When I came home from school later that day, I hurried under the house and found a perfectly squared chicken-wire fence around Lucky and her pups. It even had a gate to let Lucky in and out.
“Grampa,” I said, when I found him and Kimi out by the chickens. “Who built that fence? Did
you
do that?”
“Was my dogs, I drown ’um, you can bet.”
I smiled. He was such a bad liar. “Thanks, Grampa.”
“Watch out the damn mongoose,” he said, pushing past me, bumping my arm.
• • •
Billy came over later and stayed under our house practically all afternoon looking at Lucky’s pups. He went home and came back after dark to look some more.
“That one is Red,” he finally said, touching a pale tan one with a white saddle on it. Lucky got nervous and growled a little. Billy moved his hand away and Lucky looked up at him with forgiving eyes. The puppy twitched in its sleep, the light from the lantern warm and yellow.
“How come that one?”
“It’s the smallest.”
“Red Ruffing isn’t small.”
“Yeah, but Red Ruffing would pick the small one if he was picking.… How could he help it? The small one needs you the most.”
I shrugged. “Okay, it’s yours.”
“What is it, anyway?” Billy asked. “Boy or girl?”
“I don’t know. Take a look under its tail and see.”
“What do you look for?” Billy said.
“How should I know? Just look and see what you can see.”
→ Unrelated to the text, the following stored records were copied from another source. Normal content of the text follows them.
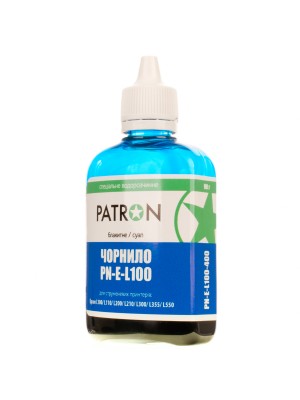 ATRAMENT EPSON L100 CYAN (90 г) (PN-E-L100-400) PATRON
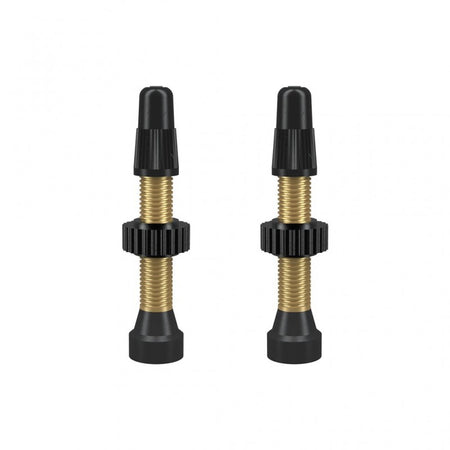 Вентили за безкамерна гума WTB TCS BRASS PRESTA VALVE 2 PCS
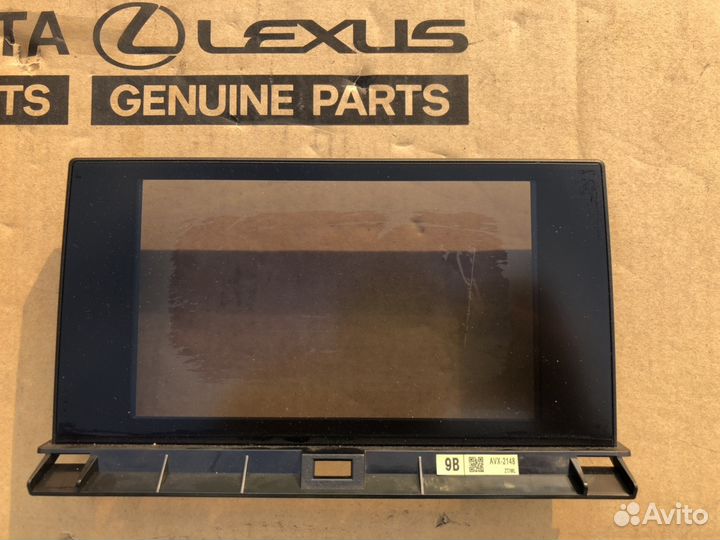 Lexus NX 200 300h стекло дисплея 86134-78020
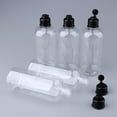 thumbnail image 2 of 20Set Durable Plastic Travel Bottles, Makeup Containers, Squeezable & Refillable, BPA , Great for Shampoo & Liquid Soap (200/300mL), 2 of 9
Billy picked up the puppy and lifted the tail. Then he looked under the tails of the rest of the pups. “They all look the same.”
“All girls? Or boys?”
“I don’t know,” Billy said.
“Can’t you tell a boy from a girl?”
“You try, then.”
So I studied them carefully. Billy was right. “Well, anyway,” I said, “it’s your dog. Boy or girl.”
We finally got back out from under the house. Billy had to get home. I walked with him as far as diamond grass. We couldn’t stop talking about Lucky’s puppies. I was going to train one to shake hands, and Billy was going to teach Red to catch tennis balls.
“Good luck,” I said. “If Red is anything like Lucky, all he’s going to do is sleep and chew those balls to rags.”
Just then, the night sky exploded into rays of light. Searchlights. The mountains behind us looked flat and close in the beams that crawled along the ridges.
Billy read my mind. We took off for the banyan tree, stumbling through the ghostly jungle half-lit by the glowing clouds. I followed Billy up the massive trunk into the branches. We clawed our way to the top, where there was an opening in the leaves. My legs felt rubbery, I’d climbed so fast.
“Holy moly,” Billy said, gawking out toward the horizon. From where we were you could see the whole side of the island and miles and miles of ocean. There must have been fifty searchlights, some shining into the sky, some running along the mountains, and some blasting out to sea, scanning the water.
“Maneuvers,” Billy said.
“Yeah … incredible.”
Long, straight beams of blue-white light crisscrossed each other, back and forth, slicing through the black night. And far out on the ocean, you could see dots of ships caught like roaches in the powerful beams.
A breeze whisked up from the town below, bringing
with it the night smell of seawater and honeysuckle mixed together. I leaned closer to the branch, gripping it tighter, its sandpapery bark pinching my palms.
Then the lights went out.
The island turned black. Only small yellow lights from the city sparkled below, like distant camphires. Far away in the hills on the west end of the island, red flashes flickered in the sky, followed seconds later by rumbling sounds, like thunder on the moon.
“Those army guys never stop,” Billy said.
Night maneuvers. I listened to the eerie, muffled explosions. Strange. Kind of scary … like it was all happening in outer space somewhere.